(Crawled caption data)
┏━━
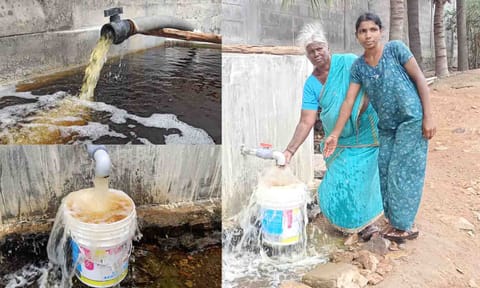 ஆழ்துளை கிணற்றில் இருந்து வெளியேறிய மஞ்சள் நிற தண்ணீர்.&nbsp;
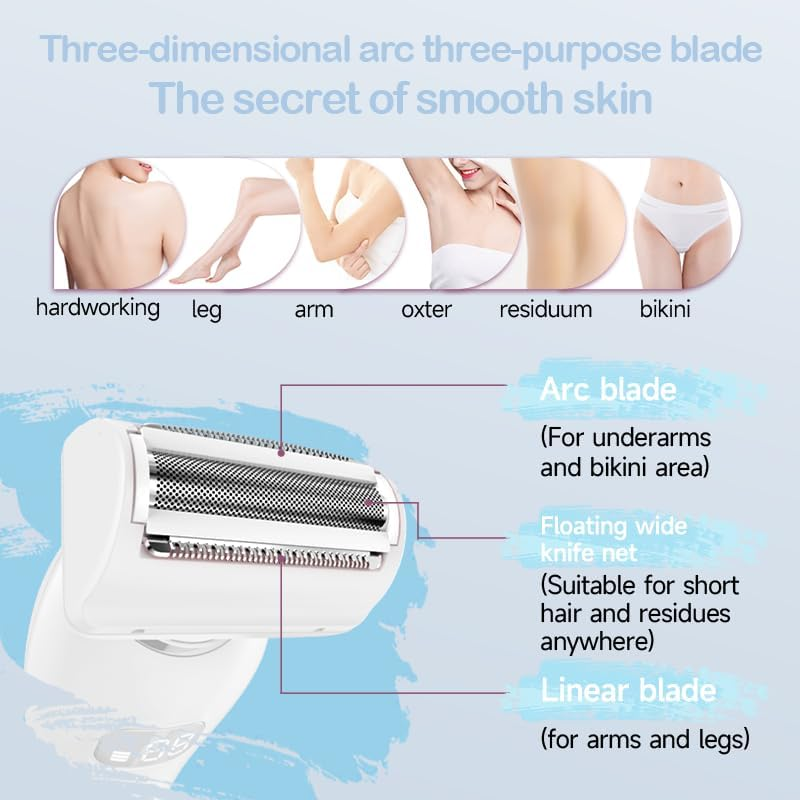 Haokry Electric Razor for Women, Silk Glide Epilator for Painless Hair Removal, 3-In-1 Lady Shaver for Legs, Face, Bikini, Rechargeable Wet and Dry Use (White) image number 4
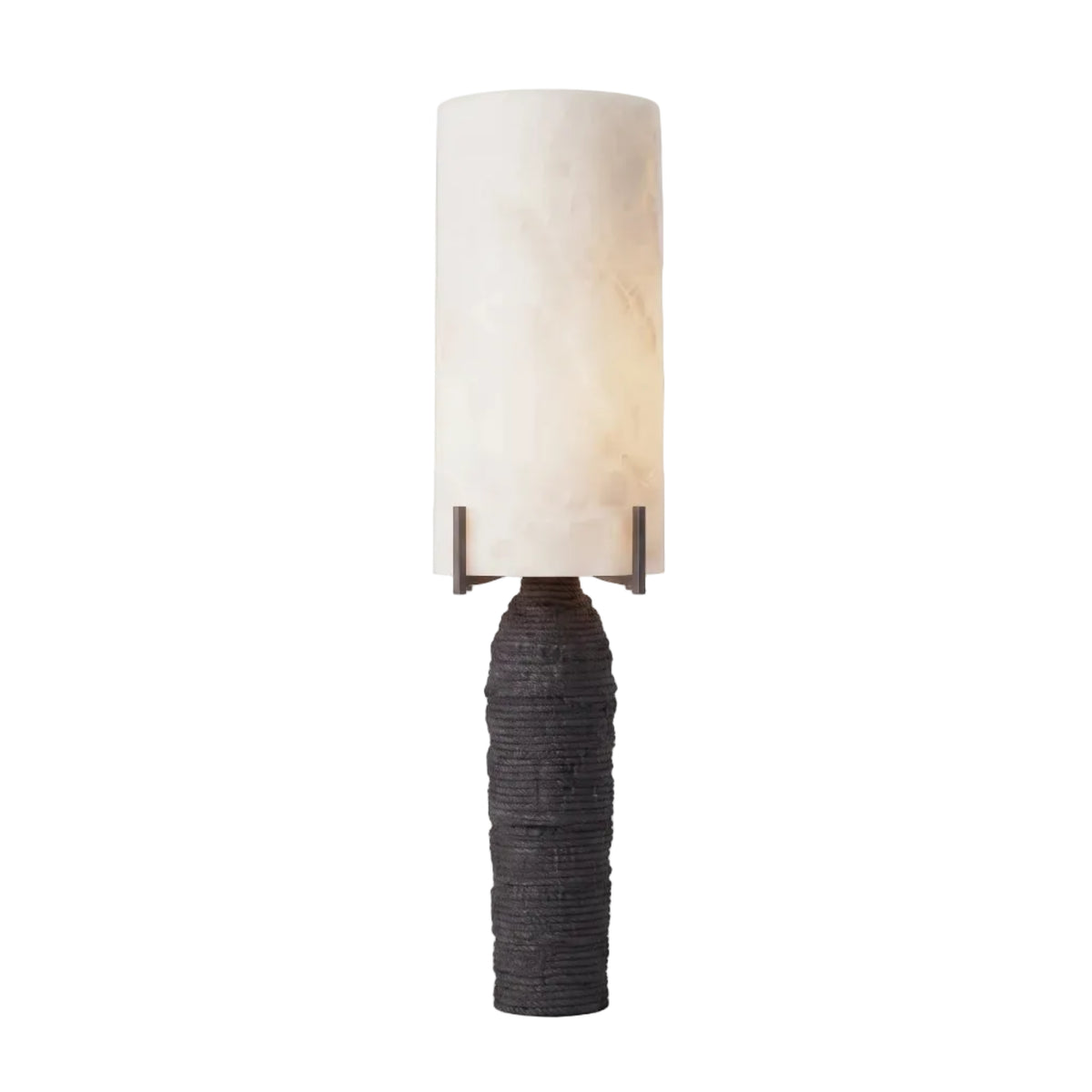 Modern Textured Black Base and Alabaster Cylinder Table Lamp with Warm Light on Pure White Background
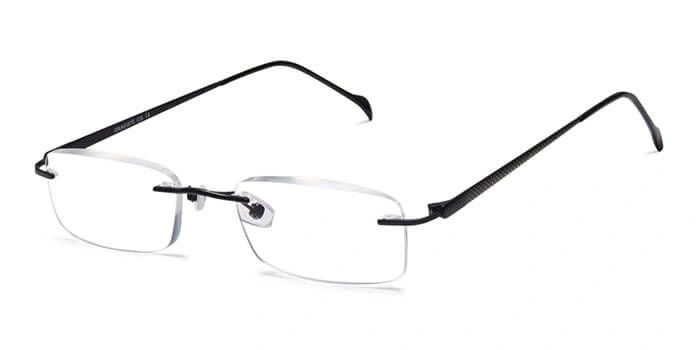 GRAVIATE by Coolwinks E12C4124 Matte Black Rimless Rectangle Eyeglasses for Men and Women-BLACK-1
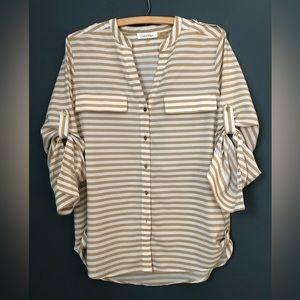 Calvin Klein Stripe Blouse Button Top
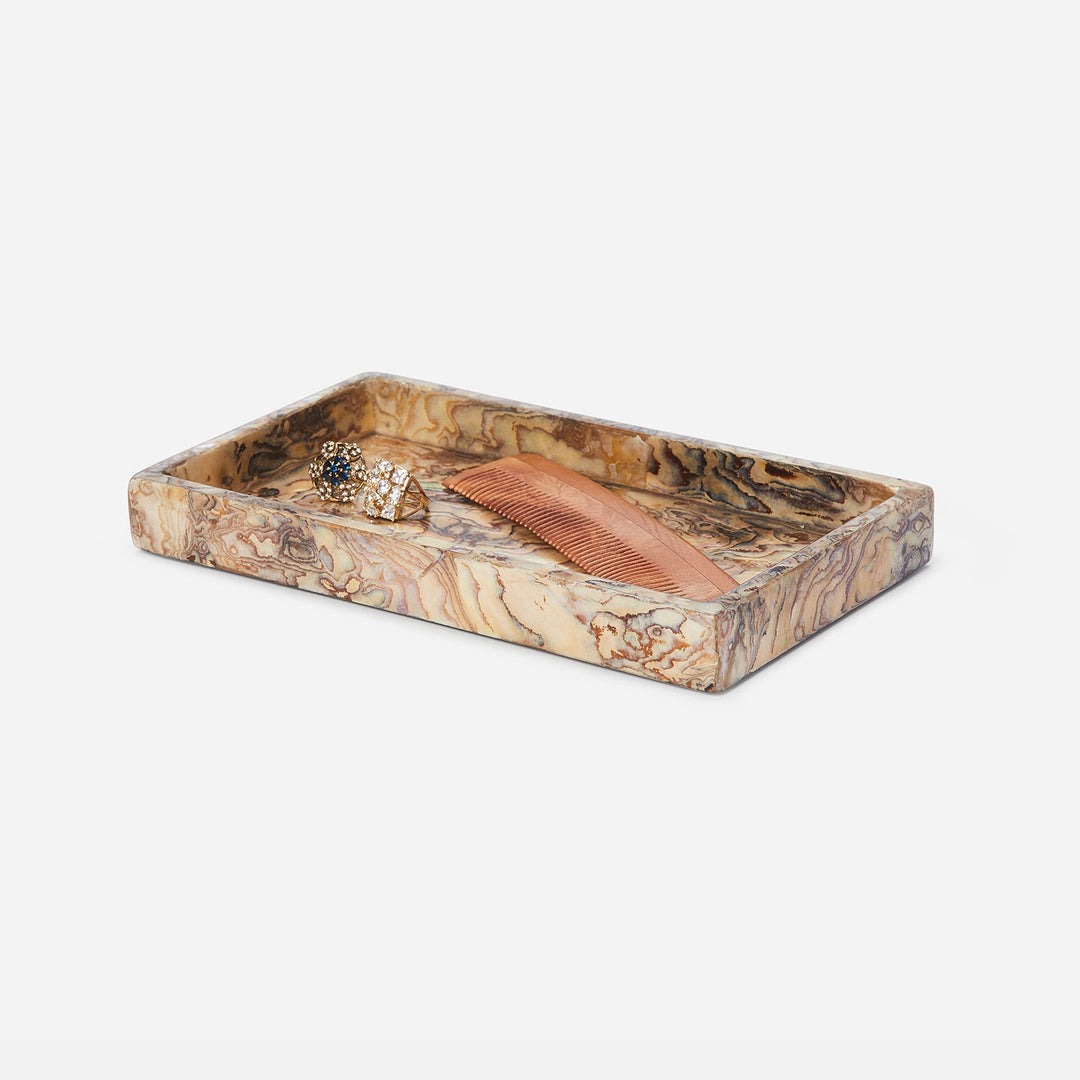 Adana, Marbleized Young Pen, Tray, Medium, Rectangular Straight, Shell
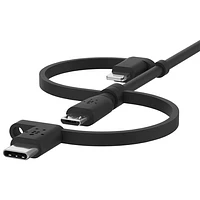 Belkin 3-In-1 1m (3.3ft) USB-A to MicroUSB Cable with USB-C/Lightning Adapters (CAC001bt1MBK) - Black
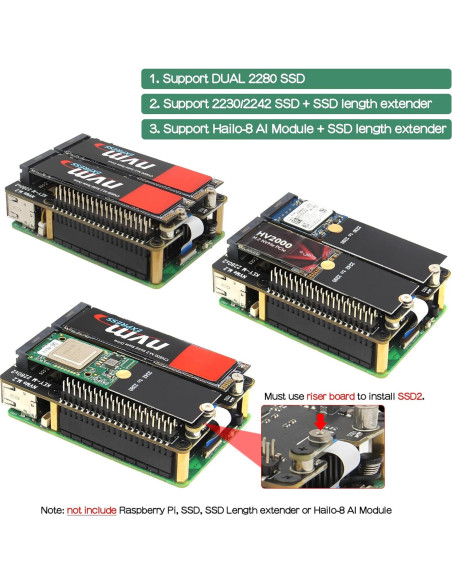 Geekworm X1004 PCIe Doble M.2 HAT NVMe 2280 para Raspberry Pi 5
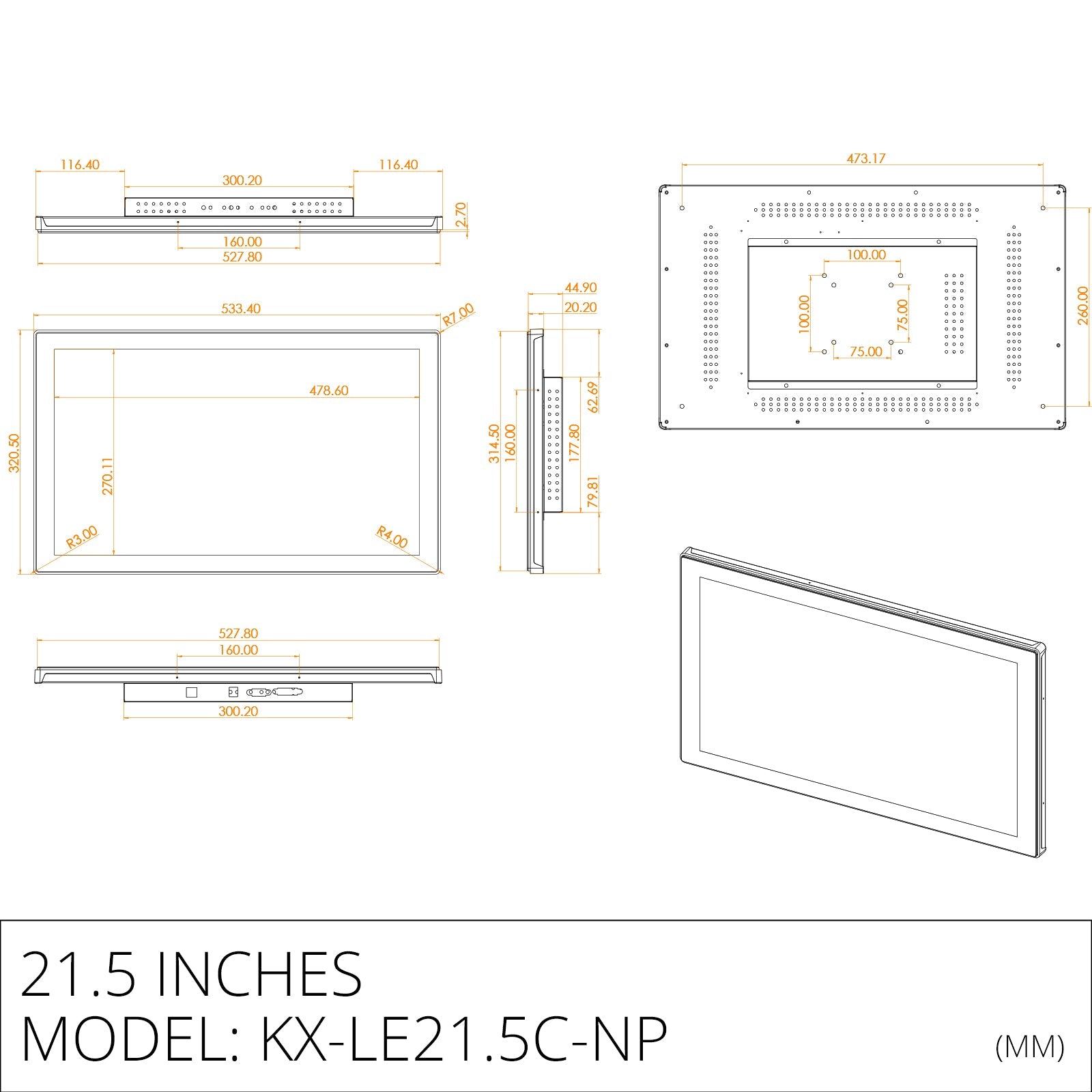 Plastic front mount capacitive industrial panel PC - LGPC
┗━━
YOUR ASSIGNMENT: Your answer should consist solely of the lines from the one with "Belkin 3-In-1 1m" through the last line of the entries, restated word for word, with the pictures omitted.

REPLY TO THE TASK:
 Belkin 3-In-1 1m (3.3ft) USB-A to MicroUSB Cable with USB-C/Lightning Adapters (CAC001bt1MBK) - Black
 Geekworm X1004 PCIe Doble M.2 HAT NVMe 2280 para Raspberry Pi 5
 Plastic front mount capacitive industrial panel PC - LGPC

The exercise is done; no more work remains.